- **What you have to do**
Copy out exactly the lines from the one containing "Image 1 : LARGE" to the last line of the records below, both included, and leave out any pictures.

- **Records for the exercise**

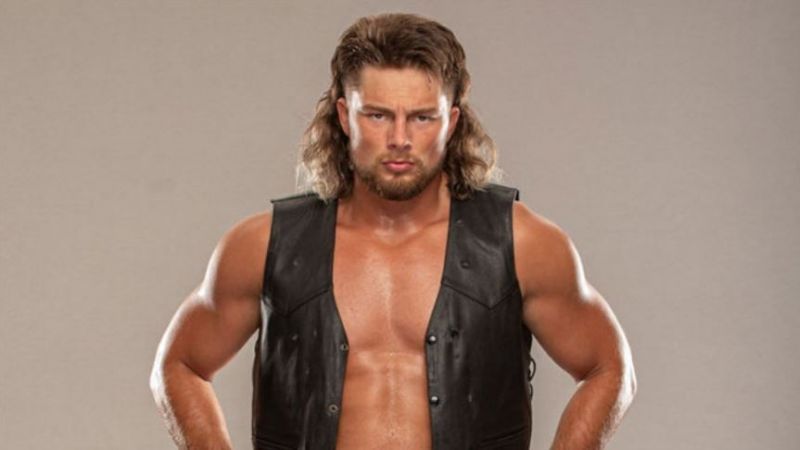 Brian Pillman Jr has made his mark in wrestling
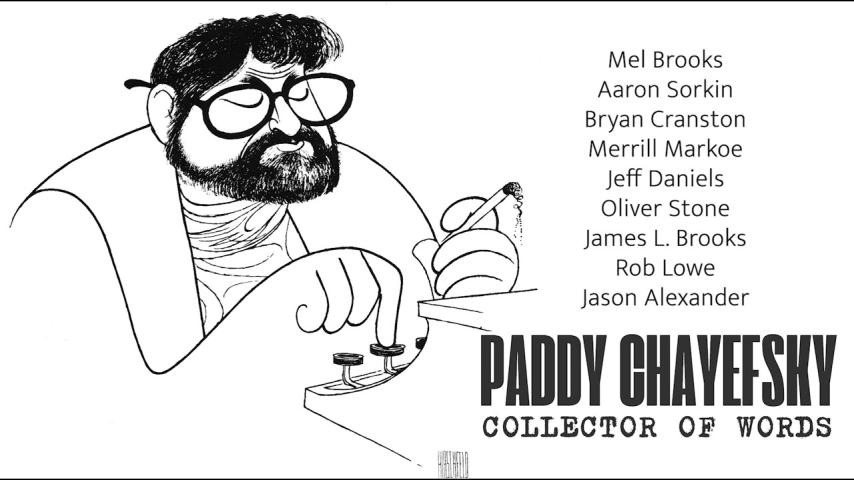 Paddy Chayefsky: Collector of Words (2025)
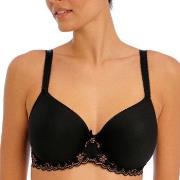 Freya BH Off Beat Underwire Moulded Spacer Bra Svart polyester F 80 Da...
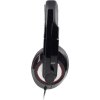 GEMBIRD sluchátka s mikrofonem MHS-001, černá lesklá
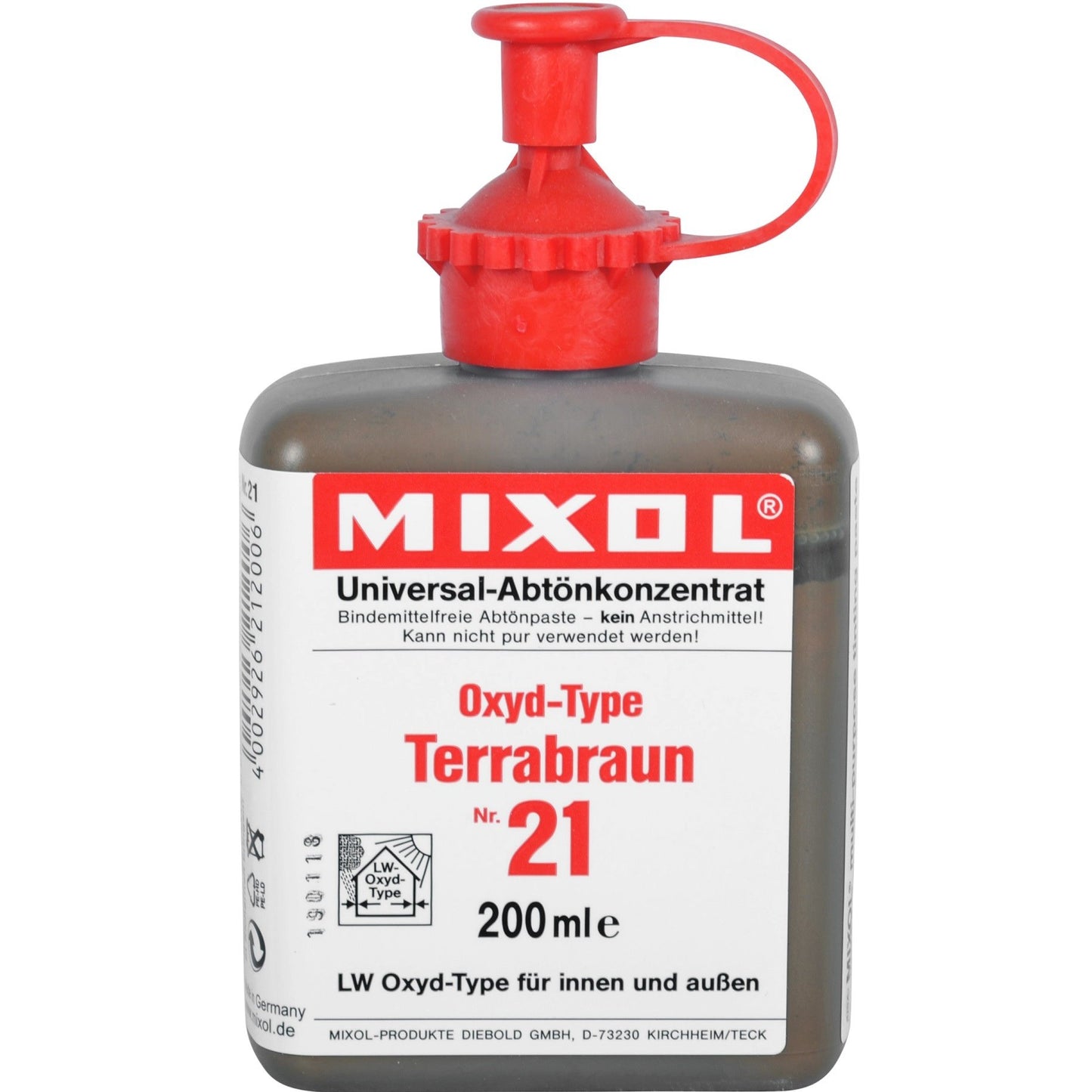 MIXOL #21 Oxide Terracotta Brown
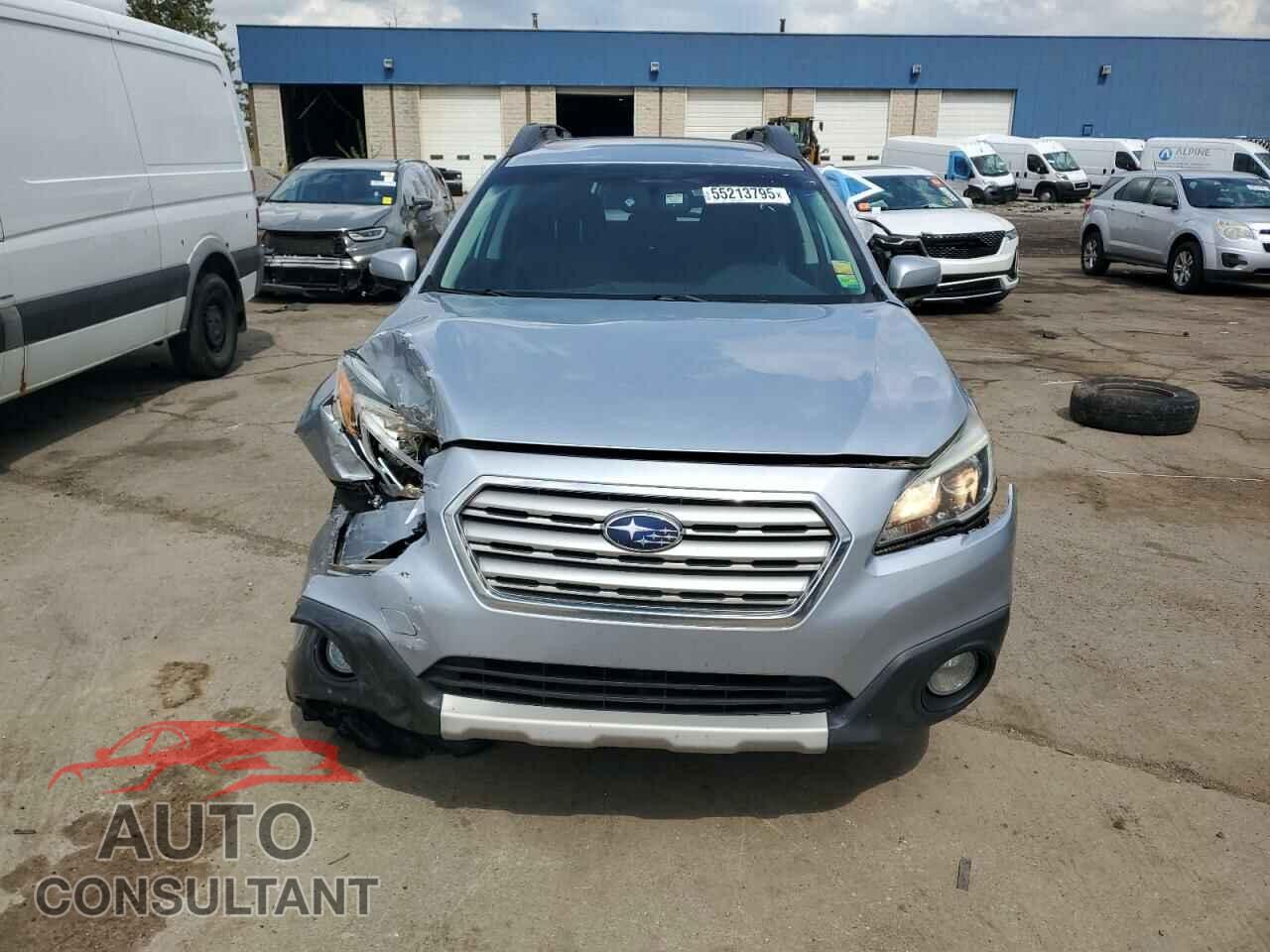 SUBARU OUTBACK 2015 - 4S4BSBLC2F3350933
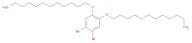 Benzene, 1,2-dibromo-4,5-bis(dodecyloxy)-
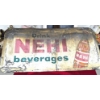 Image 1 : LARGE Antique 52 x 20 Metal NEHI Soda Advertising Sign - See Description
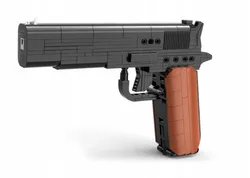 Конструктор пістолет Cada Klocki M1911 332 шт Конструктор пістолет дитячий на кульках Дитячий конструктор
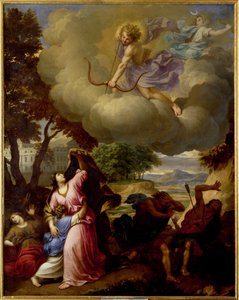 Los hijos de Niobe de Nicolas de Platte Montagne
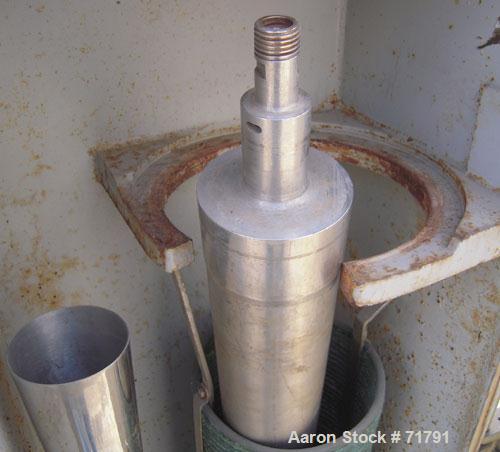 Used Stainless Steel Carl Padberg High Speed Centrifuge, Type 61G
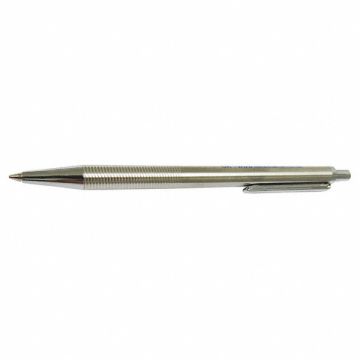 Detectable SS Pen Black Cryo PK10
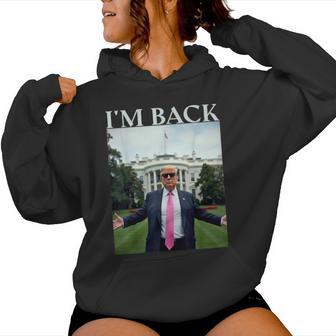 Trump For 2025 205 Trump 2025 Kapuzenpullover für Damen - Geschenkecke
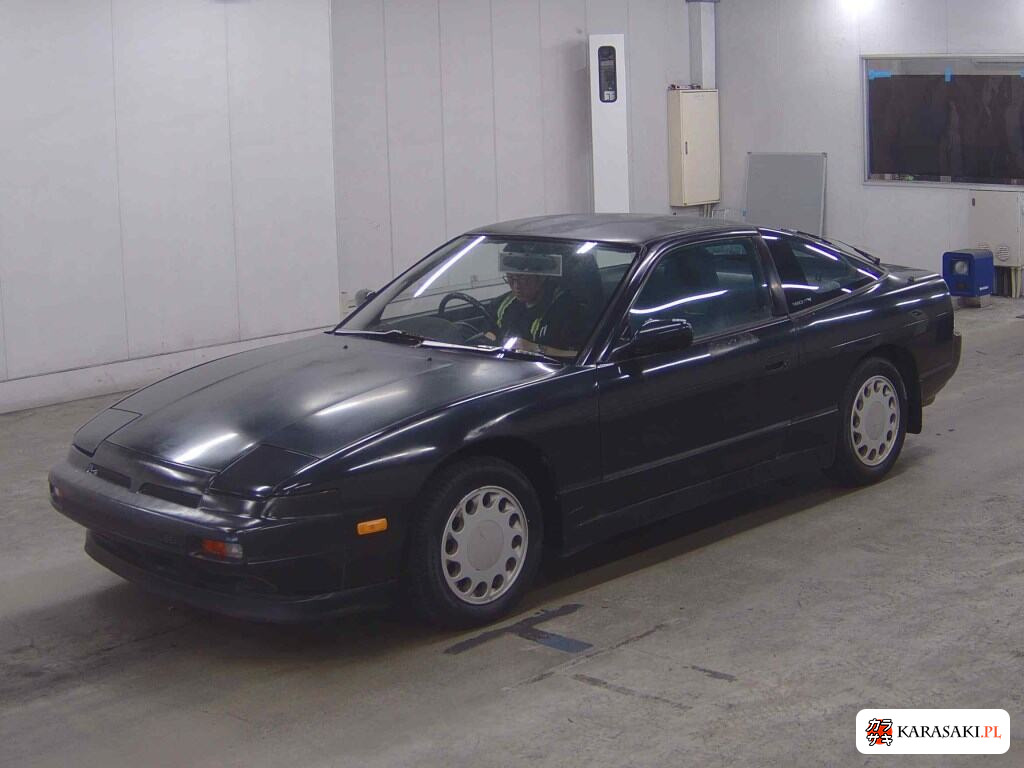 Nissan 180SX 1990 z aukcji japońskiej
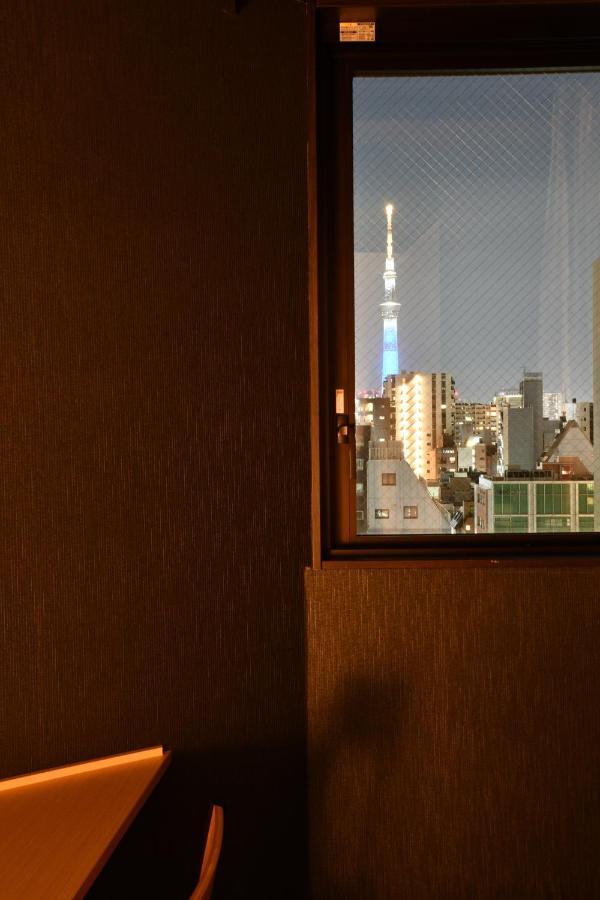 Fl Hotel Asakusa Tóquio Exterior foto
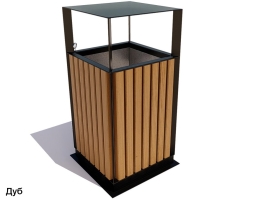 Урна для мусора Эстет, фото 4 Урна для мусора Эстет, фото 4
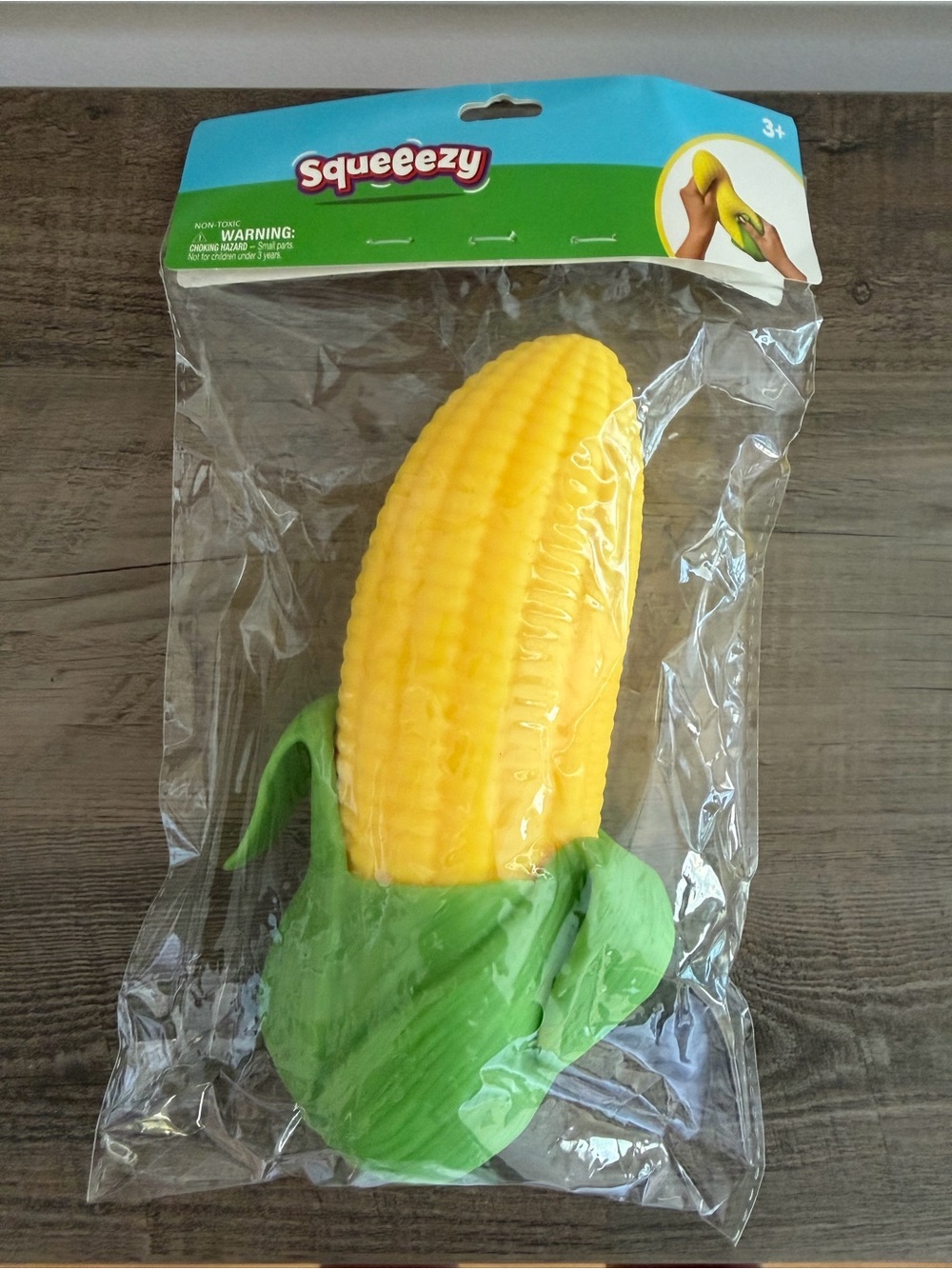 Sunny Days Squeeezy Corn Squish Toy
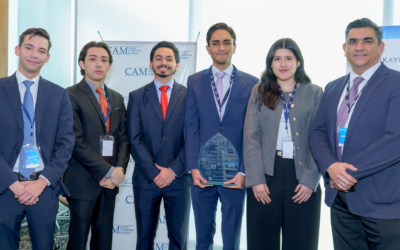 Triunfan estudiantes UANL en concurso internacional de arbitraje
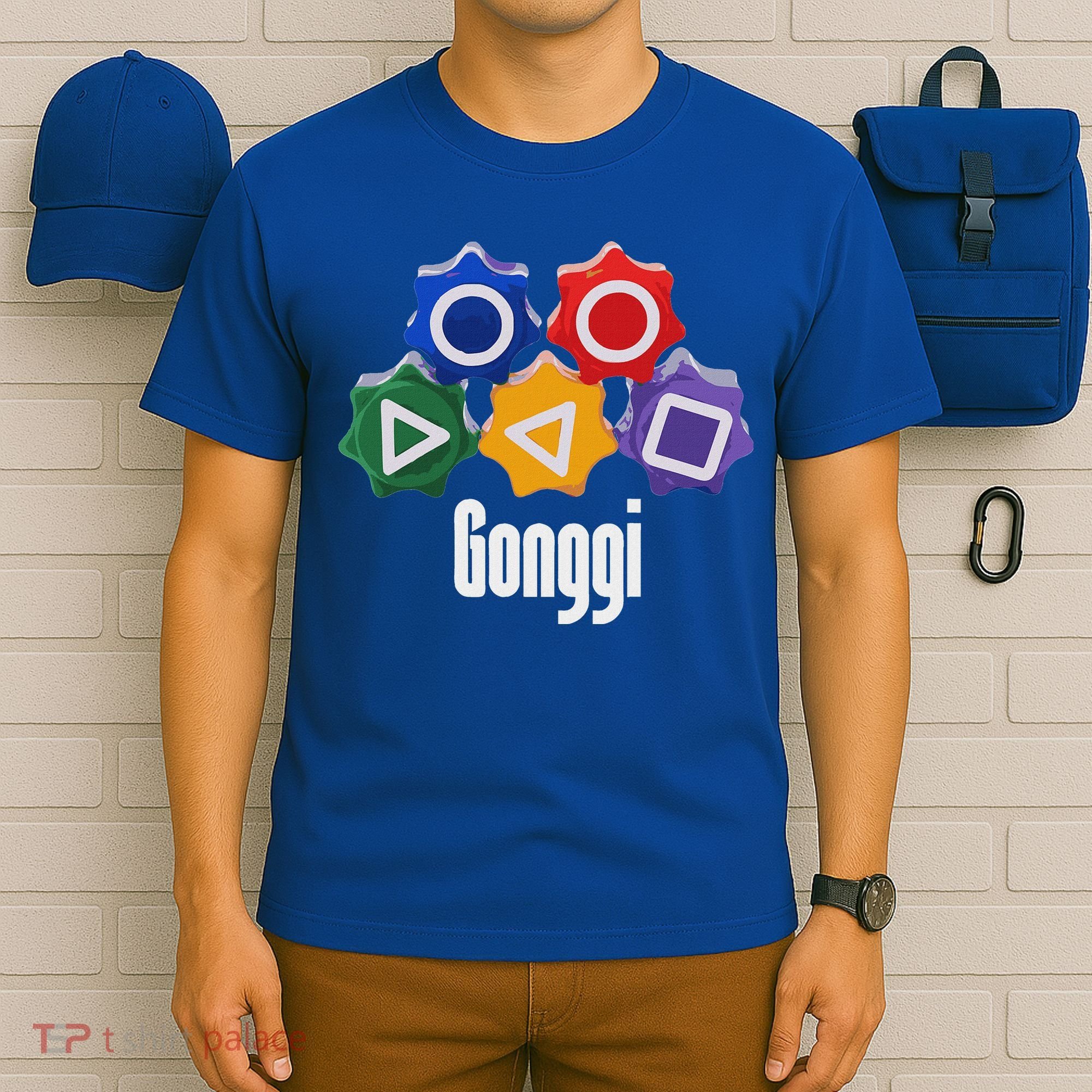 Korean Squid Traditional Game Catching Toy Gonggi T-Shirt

- **Written reply**
 Image 1 : LARGE Antique 52 x 20 Metal NEHI Soda Advertising Sign - See Description
 Конструктор пістолет Cada Klocki M1911 332 шт Конструктор пістолет дитячий на кульках Дитячий конструктор
 Los hijos de Niobe de Nicolas de Platte Montagne
 Used Stainless Steel Carl Padberg High Speed Centrifuge, Type 61G
 Detectable SS Pen Black Cryo PK10
 Trump For 2025 205 Trump 2025 Kapuzenpullover für Damen - Geschenkecke
 Nissan 180SX 1990 z aukcji japońskiej
 Fl Hotel Asakusa Tóquio Exterior foto
 Урна для мусора Эстет, фото 4 Урна для мусора Эстет, фото 4
 Sunny Days Squeeezy Corn Squish Toy
 Triunfan estudiantes UANL en concurso internacional de arbitraje
 Korean Squid Traditional Game Catching Toy Gonggi T-Shirt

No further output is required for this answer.